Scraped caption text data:
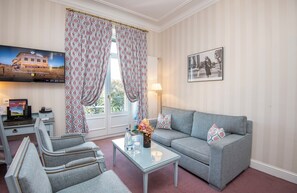 Junior Room, Balcony, Partial Lake View | Living area - La Residence des Trois Couronnes (Vevey)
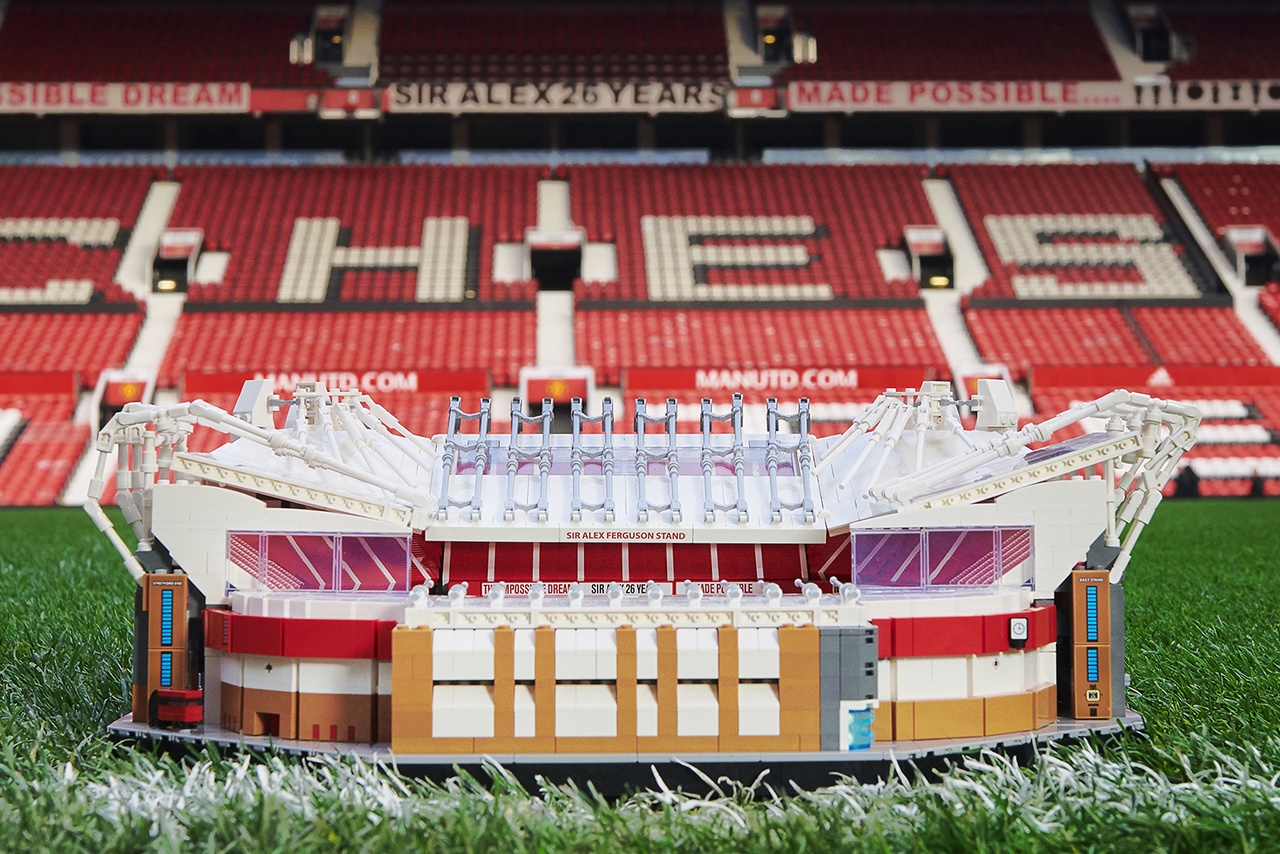 lego-creator-expert-manchester-united-old-trafford-stadium-set-1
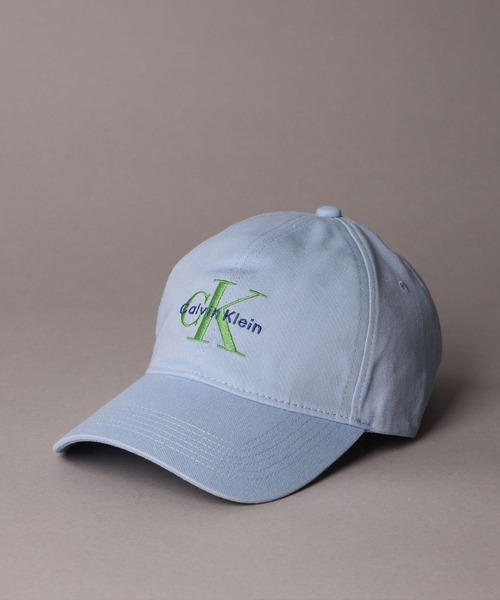 Calvin Klein（カルバン・クライン）の「キャップ - MONOLOGO モノグラムロゴベースボールキャップ（キャップ・メンズ・ブルー系その他/グリーン系その他/ホワイト/ブラック/ネイビー/イエロー系その他/ブルー系その他2/レッド系その他/ダークグリーン/ライトブルー/ブラウン/ベージュ・FREE）」の9枚目の写真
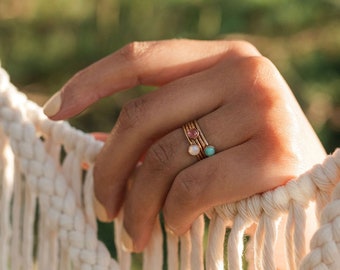 Anillos de cristal: piedra lunar, amazonita y turmalina, joyas curativas.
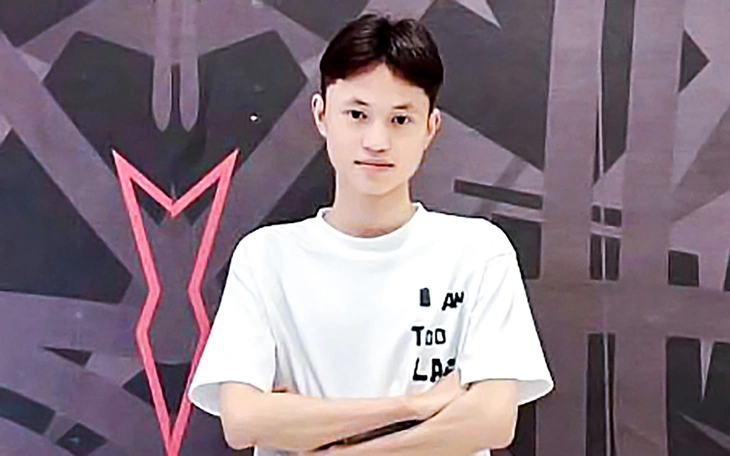 Thí sinh 'trường làng' ở Hưng Yên là thủ khoa thi đánh giá tư duy TSA đợt 1 - Ảnh 2.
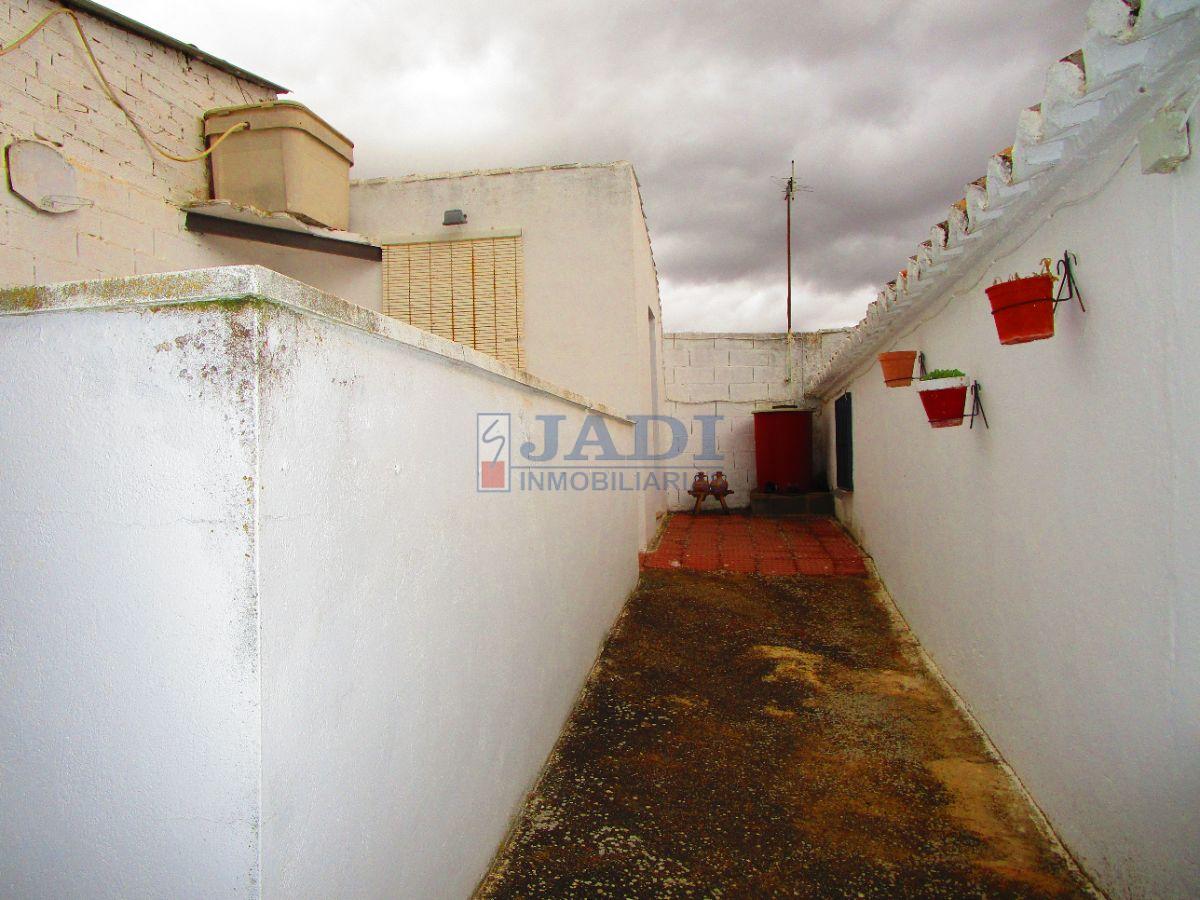 For sale of rural property in Valdepeñas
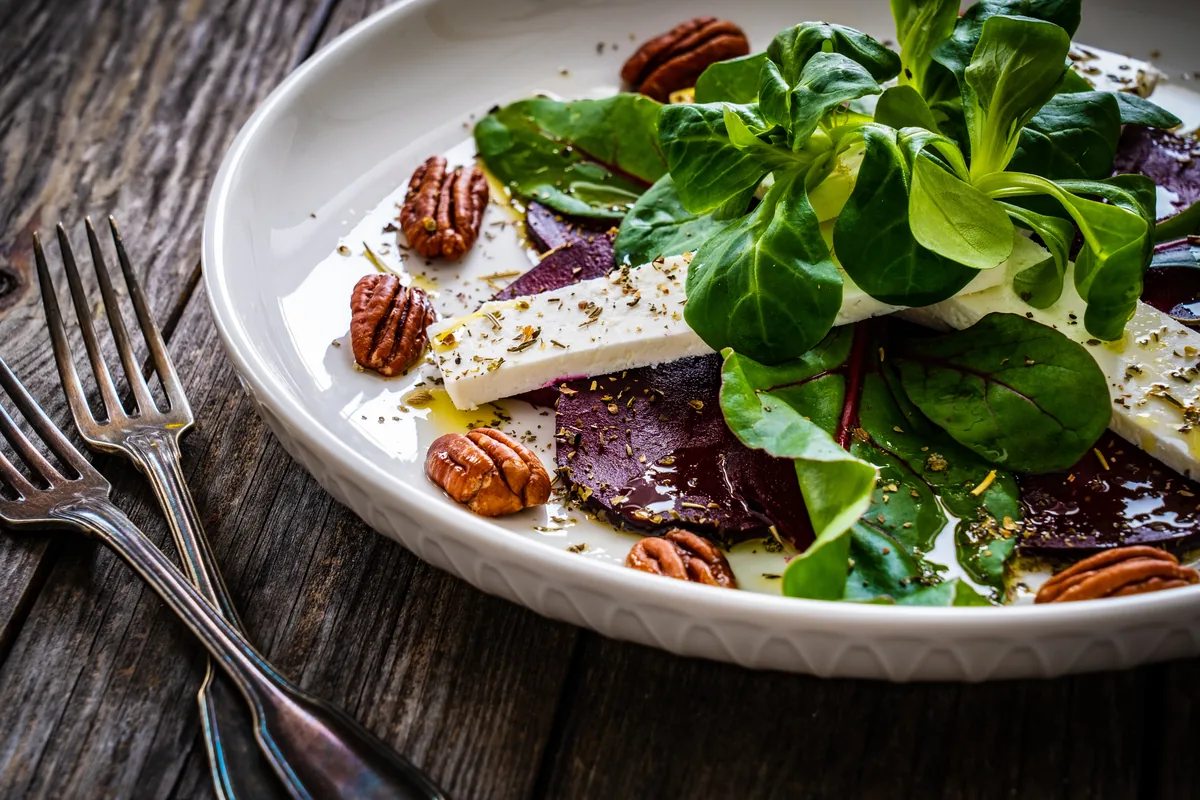 Rote-Bete-Carpaccio mit Ziegenkäse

- WHAT YOU NEED TO DO
Omit every picture while transcribing the records above exactly.

- SOLUTION FOR THIS TASK
 Junior Room, Balcony, Partial Lake View | Living area - La Residence des Trois Couronnes (Vevey)
 lego-creator-expert-manchester-united-old-trafford-stadium-set-1
 Calvin Klein（カルバン・クライン）の「キャップ - MONOLOGO モノグラムロゴベースボールキャップ（キャップ・メンズ・ブルー系その他/グリーン系その他/ホワイト/ブラック/ネイビー/イエロー系その他/ブルー系その他2/レッド系その他/ダークグリーン/ライトブルー/ブラウン/ベージュ・FREE）」の9枚目の写真
 Anillos de cristal: piedra lunar, amazonita y turmalina, joyas curativas.
 Thí sinh 'trường làng' ở Hưng Yên là thủ khoa thi đánh giá tư duy TSA đợt 1 - Ảnh 2.
 For sale of rural property in Valdepeñas
 Rote-Bete-Carpaccio mit Ziegenkäse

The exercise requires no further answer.